Task directions: With the pictures left out, retype exactly the lines below starting at the line that contains "Hoofdstuk1 Waterinnovatie in" and ending at the line that contains "Jade Hetian Natural".

[Provided records — start]

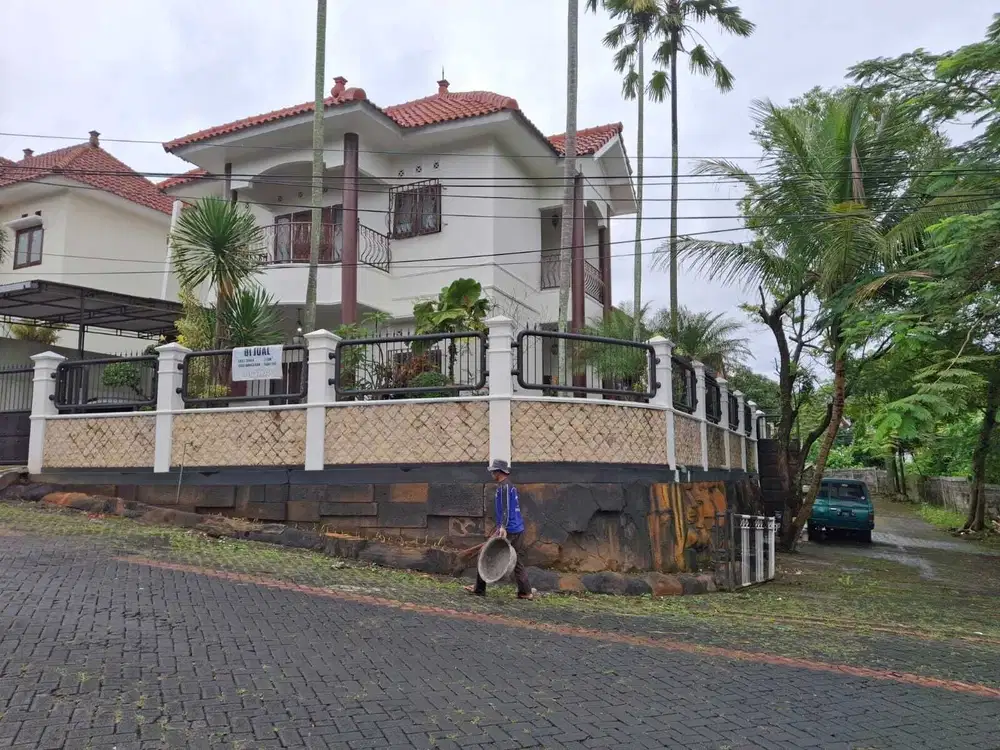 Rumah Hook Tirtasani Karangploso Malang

[Provided records — finish]
[Provided records — start]

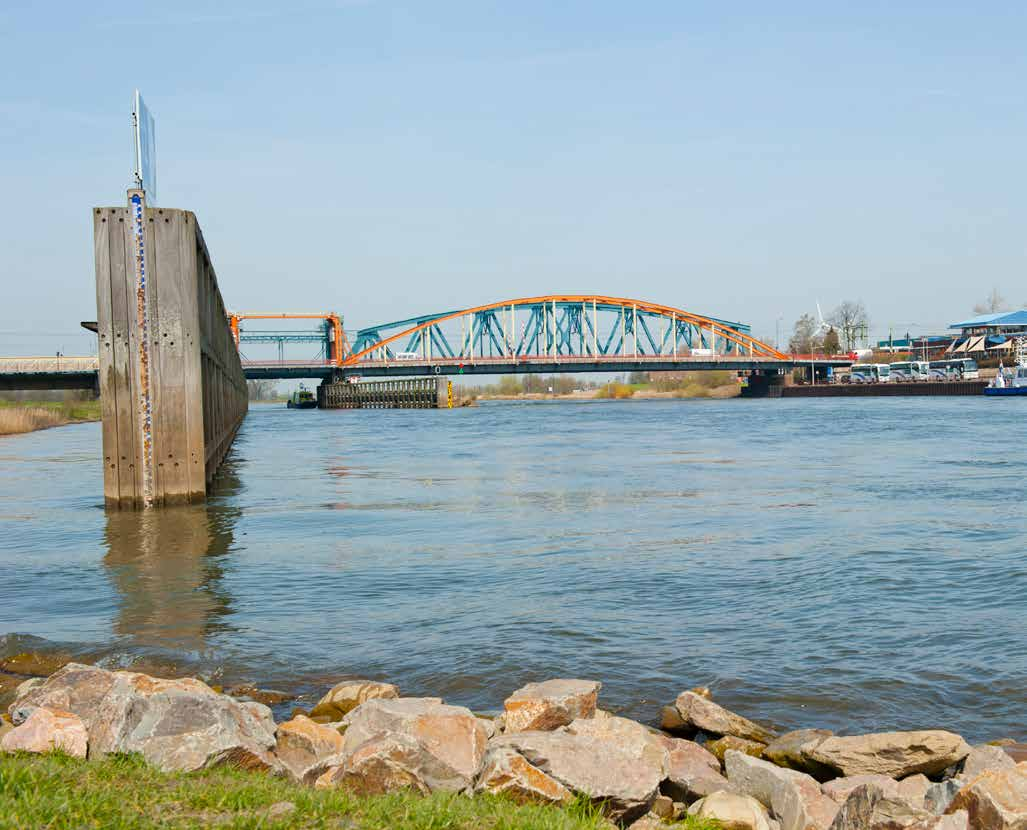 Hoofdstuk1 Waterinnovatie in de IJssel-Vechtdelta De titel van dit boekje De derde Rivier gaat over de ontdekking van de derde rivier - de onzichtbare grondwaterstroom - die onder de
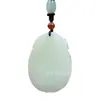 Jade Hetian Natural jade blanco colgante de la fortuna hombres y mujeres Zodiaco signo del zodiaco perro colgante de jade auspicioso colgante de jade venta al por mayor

[Provided records — finish]

Exercise output:
 Hoofdstuk1 Waterinnovatie in de IJssel-Vechtdelta De titel van dit boekje De derde Rivier gaat over de ontdekking van de derde rivier - de onzichtbare grondwaterstroom - die onder de
 Jade Hetian Natural jade blanco colgante de la fortuna hombres y mujeres Zodiaco signo del zodiaco perro colgante de jade auspicioso colgante de jade venta al por mayor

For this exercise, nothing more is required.